Agency CMO Haircuts JPEG

Looking at Private Label Investment Grade  CMOs, the median haircut is 5%, with 10%/90% levels at 3% and 15% respectively. Clearly the Private Label paper is riskier without the agency wrapper and haircuts reflect it.

CMO Private Label Haircuts JPEG

Having said that, Agency CMOs and Private Label CMOs don’t comprise a big percentage of the tri-party collateral pool. The entire tri-party world is about $1.6 trillion. Agency CMOs account for 5% of the market, Private Label (Investment Grade and Non-Investment Grade) are less than 3%. This compares to US Treasuries excluding Strips at 41% of the collateral pool.

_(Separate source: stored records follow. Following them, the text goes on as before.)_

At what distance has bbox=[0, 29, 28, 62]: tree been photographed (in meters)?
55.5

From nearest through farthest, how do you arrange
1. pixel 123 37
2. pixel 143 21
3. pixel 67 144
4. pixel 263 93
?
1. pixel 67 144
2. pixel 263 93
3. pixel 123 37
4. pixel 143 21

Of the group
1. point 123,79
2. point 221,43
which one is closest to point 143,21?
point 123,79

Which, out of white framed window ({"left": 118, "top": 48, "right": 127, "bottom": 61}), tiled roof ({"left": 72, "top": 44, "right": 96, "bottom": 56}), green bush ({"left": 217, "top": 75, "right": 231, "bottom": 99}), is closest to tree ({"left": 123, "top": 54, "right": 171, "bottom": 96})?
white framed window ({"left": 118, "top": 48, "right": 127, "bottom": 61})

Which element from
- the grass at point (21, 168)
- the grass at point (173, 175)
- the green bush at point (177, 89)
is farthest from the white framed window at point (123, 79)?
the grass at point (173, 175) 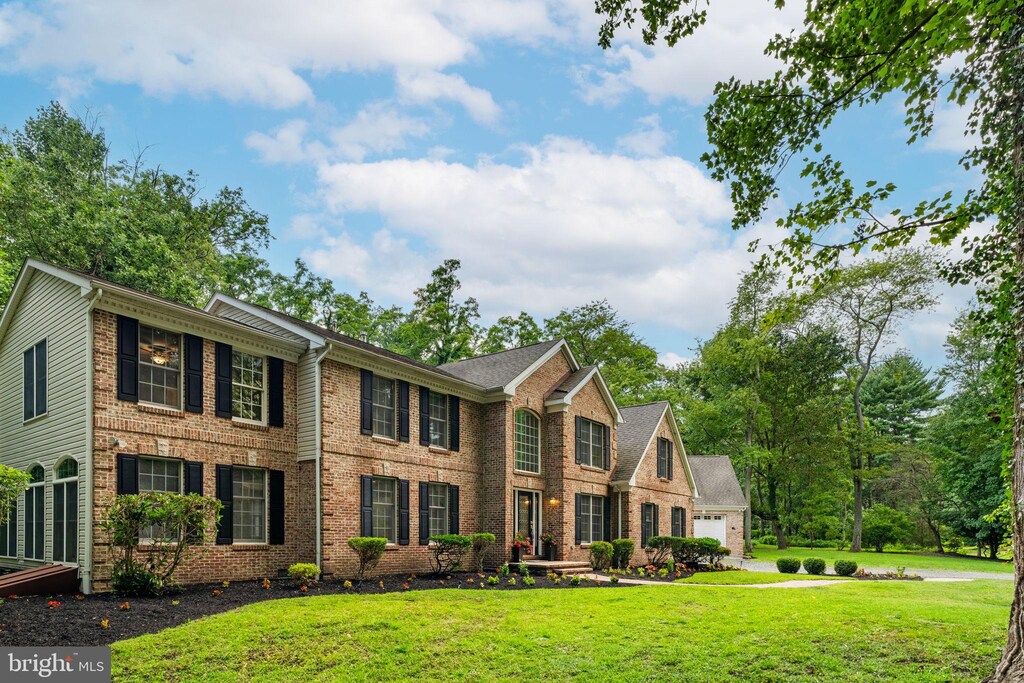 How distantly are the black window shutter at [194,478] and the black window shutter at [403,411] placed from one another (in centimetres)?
513

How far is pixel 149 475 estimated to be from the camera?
13.2m

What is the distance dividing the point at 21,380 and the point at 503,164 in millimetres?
14857

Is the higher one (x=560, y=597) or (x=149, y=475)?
(x=149, y=475)

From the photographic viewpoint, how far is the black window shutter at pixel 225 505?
45.8 ft

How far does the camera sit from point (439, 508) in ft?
62.1

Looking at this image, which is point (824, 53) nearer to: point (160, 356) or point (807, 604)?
point (807, 604)

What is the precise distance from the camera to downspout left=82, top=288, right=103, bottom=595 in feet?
38.8

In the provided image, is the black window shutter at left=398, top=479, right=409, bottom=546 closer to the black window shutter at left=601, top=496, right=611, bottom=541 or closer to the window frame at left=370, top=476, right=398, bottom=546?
the window frame at left=370, top=476, right=398, bottom=546

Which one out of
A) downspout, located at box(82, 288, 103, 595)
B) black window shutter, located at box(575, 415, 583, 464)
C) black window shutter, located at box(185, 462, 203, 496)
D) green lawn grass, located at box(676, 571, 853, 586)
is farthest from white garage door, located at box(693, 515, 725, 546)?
downspout, located at box(82, 288, 103, 595)

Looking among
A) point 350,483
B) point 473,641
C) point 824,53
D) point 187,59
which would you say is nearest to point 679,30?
point 824,53

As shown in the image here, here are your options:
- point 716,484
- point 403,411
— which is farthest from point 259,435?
point 716,484

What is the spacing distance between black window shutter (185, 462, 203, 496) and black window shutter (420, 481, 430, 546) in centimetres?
587

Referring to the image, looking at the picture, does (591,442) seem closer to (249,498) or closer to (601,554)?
(601,554)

We have wondered what does a bank credit officer think when looking at the haircut data? Do they benchmark what they ask hedge funds to pay based on this information? How would they feel if they find out they are at the low end of the haircut range? And what do money funds, for example, think when they see what other liquidity providers are getting for haircuts?

So what about market trends? Lets compare equities to Agency CMOs. There seems to have been something of a reversal with Agency CMOs falling from about 8% of the collateral pool in May, 2010 (when the data set starts) to 5% now. Equities, on the other hand, rose from 4.7% ($78 billion) to 8.7% ($140 billion) over the same period.  Of course the DJIA went from 10,260 on May 10, 20101 to 17,217 on October 19, 2015. Equities, as tri-party collateral, topped out at $168 billion on May 11th, the same day the DJIA most recent peak at 18,272 —  hardly a coincidence. Fixed income products have not been very exciting over the same period (with some exceptions).

Agency CMO and Equities Dollar amounts JPEG

These are just a couple interesting ways to use the new tri-party graphical interface. Its a great tool and we urge you to play around with it.